The headline at this link is, why have so few Milky Way supernovas  been observed over the last millennium? See https://phys.org/news/2021-01-milky-supernovae-millennium.html … a mystery as our galaxy is thought to experience several supernovae each century = 3000 events over a thousand years. Yet, it is hundreds of years since the last observable supernova exploding [as far as humans recording such an event]. The lone one was back in 1604, mentioned by astronomers around the world. Or rather, it has been interpreted as a supernova explosion. The link goes on to say that back then nobody knew what caused them to switch on, and off. Nowadays, we do, they confidently assert. They were the result of the death of a star – or a runaway event on a white dwarf.

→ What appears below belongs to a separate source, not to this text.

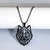 Ogrlica Hollow Wolf - Zlatna KP33461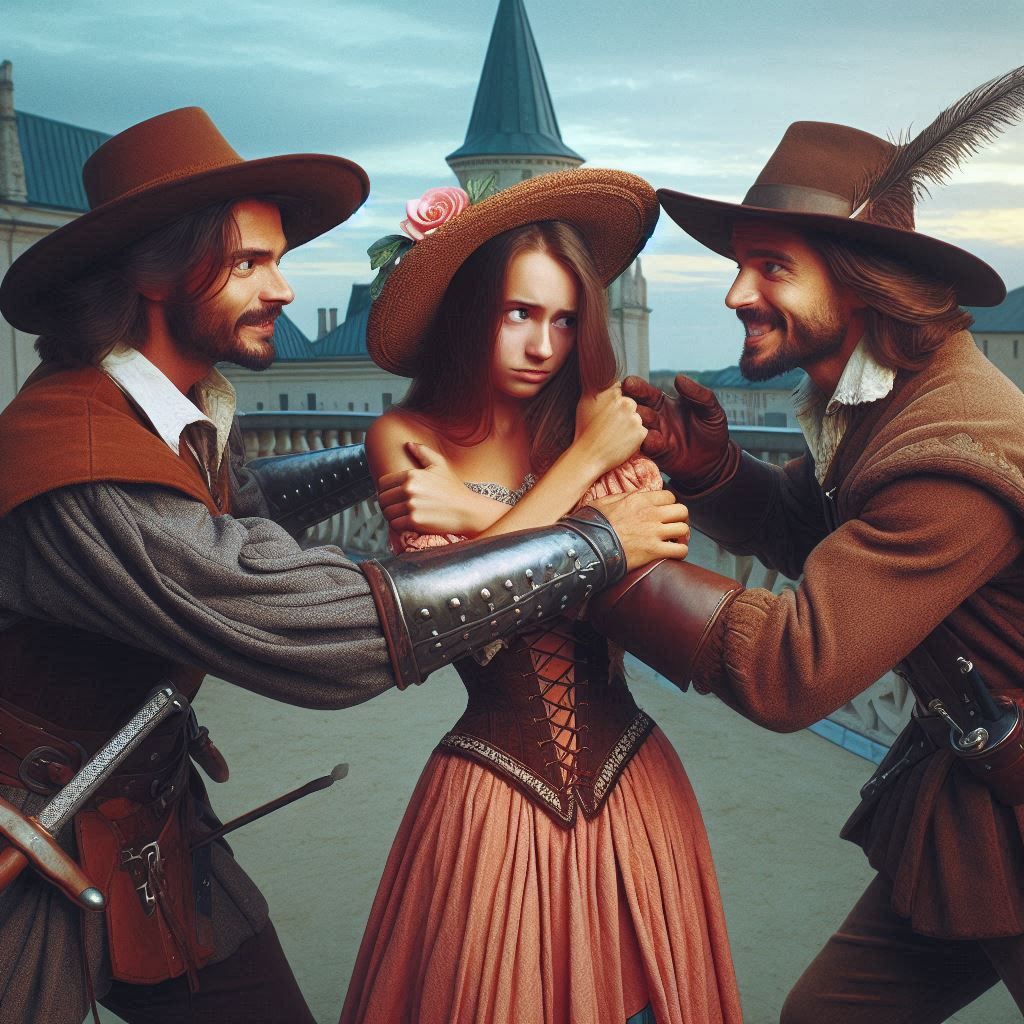 A duel for the lady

They go on to say the absence of observations is due to the location of observers on earth. See the web site https://arxiv.org/pdf/2012.06552.pdf … However, I can remember reading quite some while back that Polynesian chiefs were  often named after peculiar astronomical events during their early lifetimes and one of those events are thought to be not just the appearance of comets and meteors, but nova and supernova [or once again, what are interpreted by the investigators as supernova]. Perhaps the people in the study have not been looking in the right place for a mention.

In Electric Universe theory supernovae are explosions of energy as a result of Birkeland currents. A high energy event. This might explain the recent mystery where a suspected supernova in another galaxy miraculouslly sprung back into life a few decades later than the first explosion of energy. Just a thought.